Friday, March 11, 2011

Secrets secrets are no fun unless you share with..

No one.

Whenever I try to type the word "you" on my phone I usually screw up and write "toy" instead. Sometimes this makes me laugh. On the inside. I don't remember the last time I laughed out loud. It was probably today at something stupid. Oh yeah, swedish fish that cost 2.69 Keep your expensive swedish fish and your cold coffee for that matter.

Invisible.
Discarded.
Ignored.

You make me feel these things. Even though I can hear you breathing next to me. Toy.

The movie about Little Red Riding Hood that's coming out tomorrow made me think of you and I don't know why. Maybe because we went to the movies a lot and sometimes we got cheeseburgers even when we swore to go vegetarian. I wonder if I brought you a cheeseburger right now if you would eat it. Maybe not because you said you are sick. I don't like to hear that you are sick.

I care about people. I care a lot. I wrote something and I called it wolves and i showed it to you and then I felt embarrassed. Then last night I cried and felt even more embarrassed. It's just that you're beautiful and your special day will be equally so.

It just stinks here. Literally and the other word. Figuratively. I hope I spelled that right. The rain makes it smell and the smoke that's trapped in this little room makes it smell. Stink. Stank. Stunk.
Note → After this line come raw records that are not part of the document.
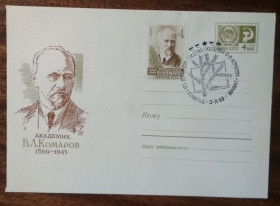 СРСР СССР ^/--/^ СССР 100 лет рождения В.П.Комарова 1969 ^_^^^ СРСР 100 років народження В. П. Комарова 1969 - фото фото фото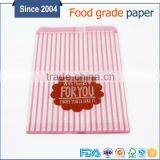 Hot Selling Food Grade Bread Paper Bag Printed Logo Chevron Paper Bag thumbnail-3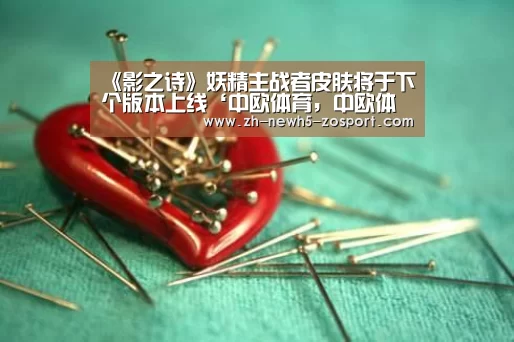 《影之诗》妖精主战者皮肤将于下个版本上线‘中欧体育,中欧体育app,中欧体育官网,中欧体育官网入口’(图1) 中欧体育,中欧体育app,中欧体育官网,中欧体育官网入口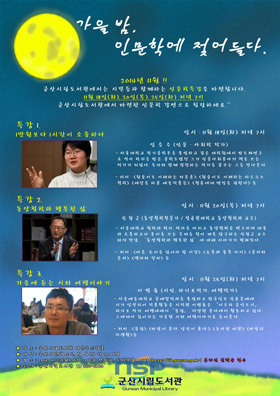 NSP통신-군산시립도서관 인문학특강 저자 초청회 홍보 포스터.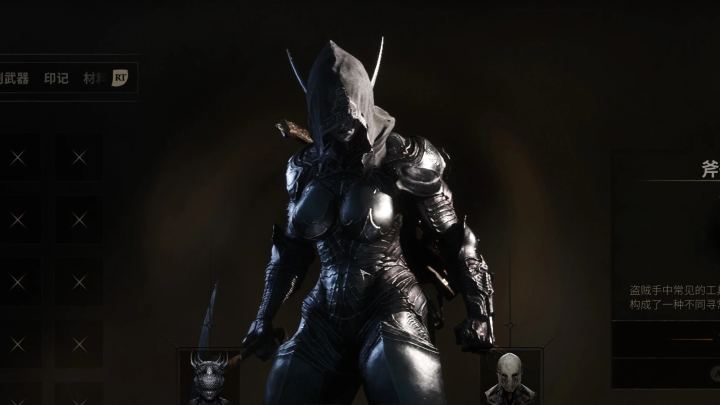 rogue骑士 比邻星（Rogue Knight PROXIMA）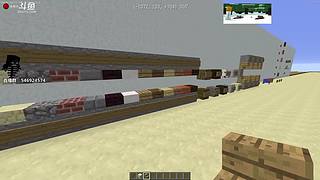 世界之窗建筑大赛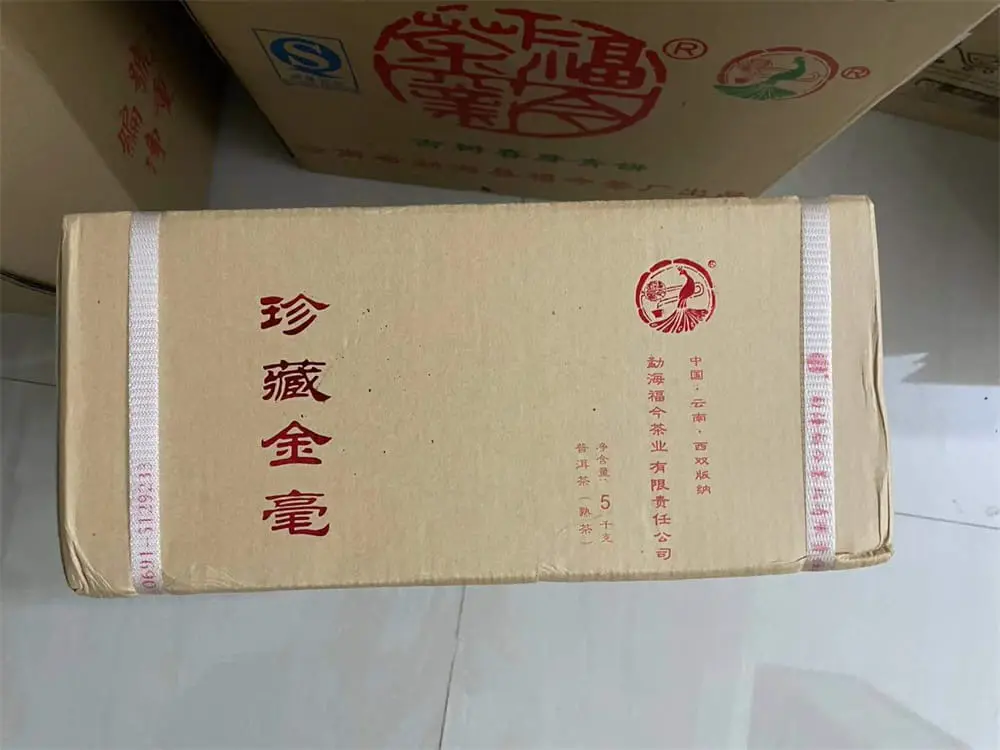 中山回收福今普洱茶2017年生茶熟茶图2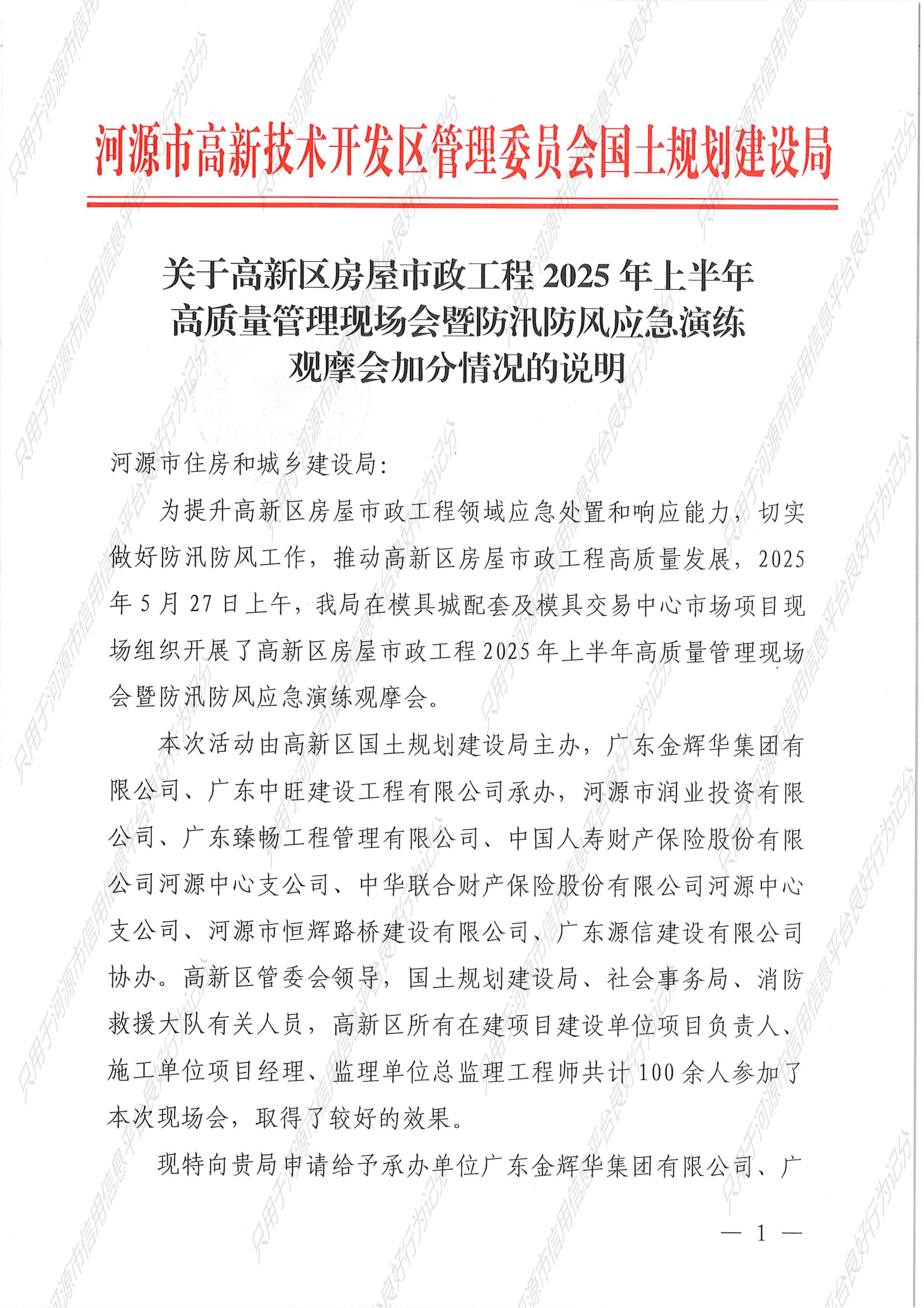 关于高新区房屋市政工程2025年上半年高质量管理现场会暨防汛防风应急演练观摩会加分情况的说明_00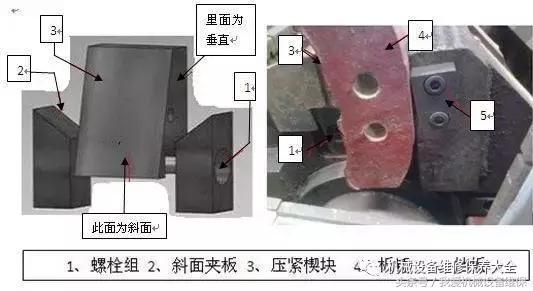 履带式单头岩石破碎机破除土方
A friend of mine told me that if my writing was shit he'd tell me. I haven't written anything but rambling for a long time and I think I like that best. I sent him something I felt complete and he said it was a good first rough draft. I soak in everything he says. It's weird.. He's dear to me. If I ever publish something I will call it Rough Draft: A Collection and dedicate it to him.

I washed my hair tonight.

2 comments:

m. said...

tragically beautiful.

love.
xo

Kaleidoscope Girl said...

I love the stream of consiousness you write in.